BBBAAAAAAAAARRRNNNNNNNN


 鼓膜が破裂したかと思った。

【氷結】の時よりも、圧倒的に出力に差がある。

 あー、魔力の煉り方とか、変換効率とか、あとは火の出し方とか教えたからか。


 全魔力を使いバリアを張っているのに、異常なまでの熱量で、目が開けられない。


 少なくとも、息を吸うだけで喉が痛いし、突き出した手は骨が見えている。


口に直接ポーションを入れていなければ、今頃二の腕から先くらいは消し飛んでいた。


 それに、バリアは全身を覆う形ではなく、大きく上に逸らす形にしたため、直撃は避けられており――――


 それよりも、この熱量を放出しているアスタは、無事なのか?

魔法が発動者に影響しないと分かっていても、もし熱がアスタを襲っていたら。


「げぶっ、ぐ『グイァ』」


 『クリア』と発音はできなくても、魔力はちゃんと形状を創り出す。

薄い膜を周囲に広げ、酸素なんかを除き、魔力だけを包み隠す。


「ひゅー、ひゅー。」

「お、おにいちゃん!」


嗚呼、良かった。

 無傷のアスタの姿が視界に移り、安堵からか、俺の視界は暗転する。


「......『分身』」


 自律思考型を二つ作って、俺は地面に倒れ込んだ。


◇◆◇


 やっべぇ。

全身を回復させ、意識が戻ったのはほぼ夕方。

日は赤くないが、思いっきり傾いており、俺が運ばれたベッドの横でアスタが寝ていた。


 体の感覚的には、ポーションの効果と、アスタの【治癒】の併用で治してもらったらしい。

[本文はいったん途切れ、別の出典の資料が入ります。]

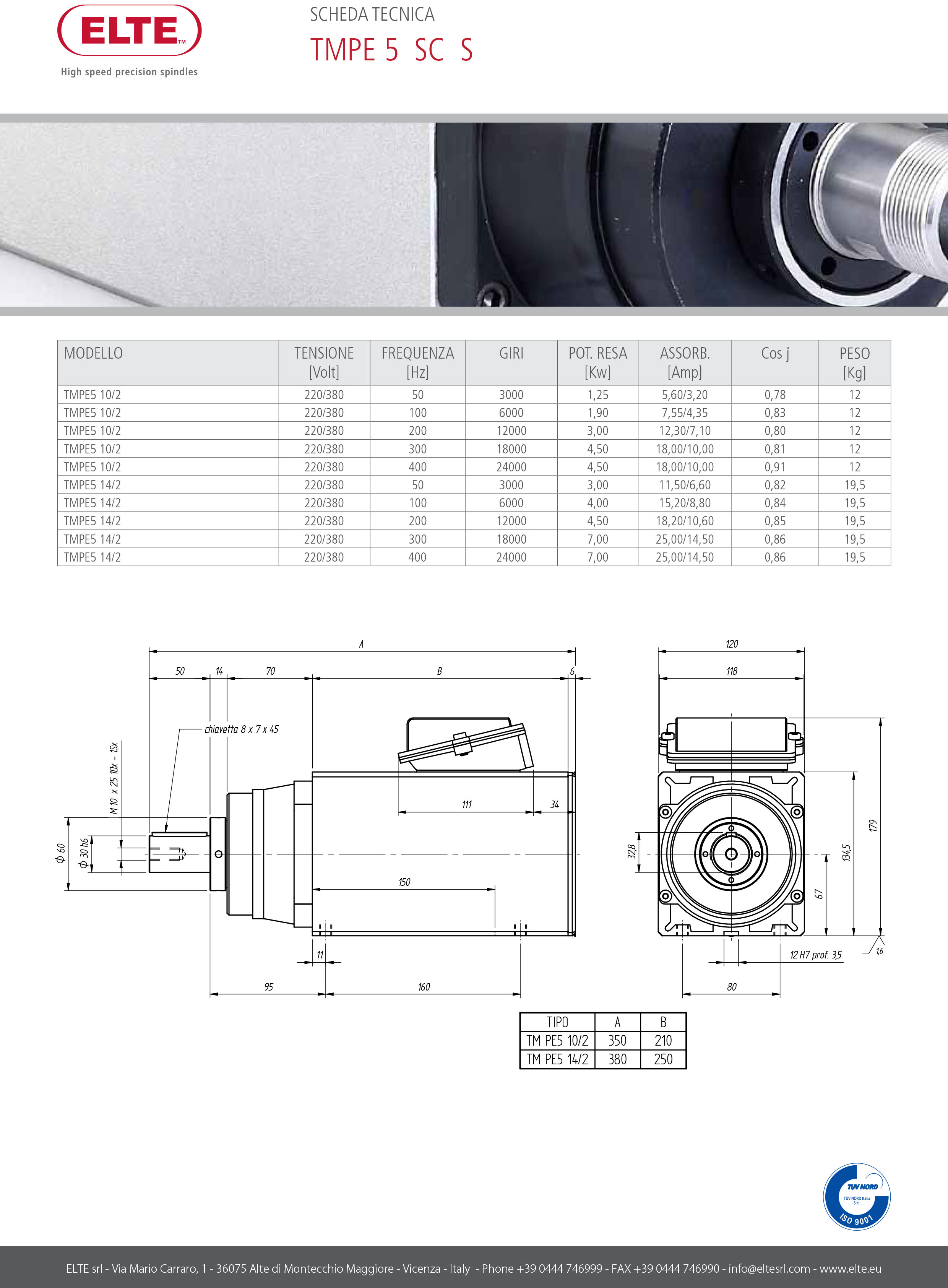 147a9aa8b47f24300e543e8d6b502d1c.jpg TM_PE5_SC_S.jpg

 快調ではあるものの、アスタに心配をかけてしまった罪悪感から目を逸らしたくて、二度寝してしまいそうだ。


 とりあえず、このままでは腰に悪いので、アスタを俺と交代でベッドに寝かせて、外に出る。

どうやらまだ両親は家に帰ってきていないらしい。

 俺が生活費としては十分な金額を稼いでいるのに、二人は今まで通りに仕事をしている。


 すごい両親だと思うよ。


「おっ、起きたかノア?」


 家から少し離れた所に、キクスがゴブリンの山を作って待っていた。

どうやら、食べずに倒し尽くしたらしく、ほとんどが首をへし折られるか、頭蓋を割られるかで死んでいた。


「コイツらが襲って来てよ。食っても腹の足しにならねぇから、ノアの見舞いにと思って集めたんだ。ホムンクルスを作りゃ、多少は楽になるんだろ?」


 別に、過労で倒れた訳じゃない。

とはいえ、疲労が無かった訳でもない。

 寝起きのスッキリ感は、疲労解消の結果だったのかもしれない。


「ありがとな。助かるよ。」

「おう!」


 思わぬキクスの気遣いに、俺は少し嬉しくて。


ゴブリンの死体の山の先。

 本丸が姿を表しているのに、気付けなかった。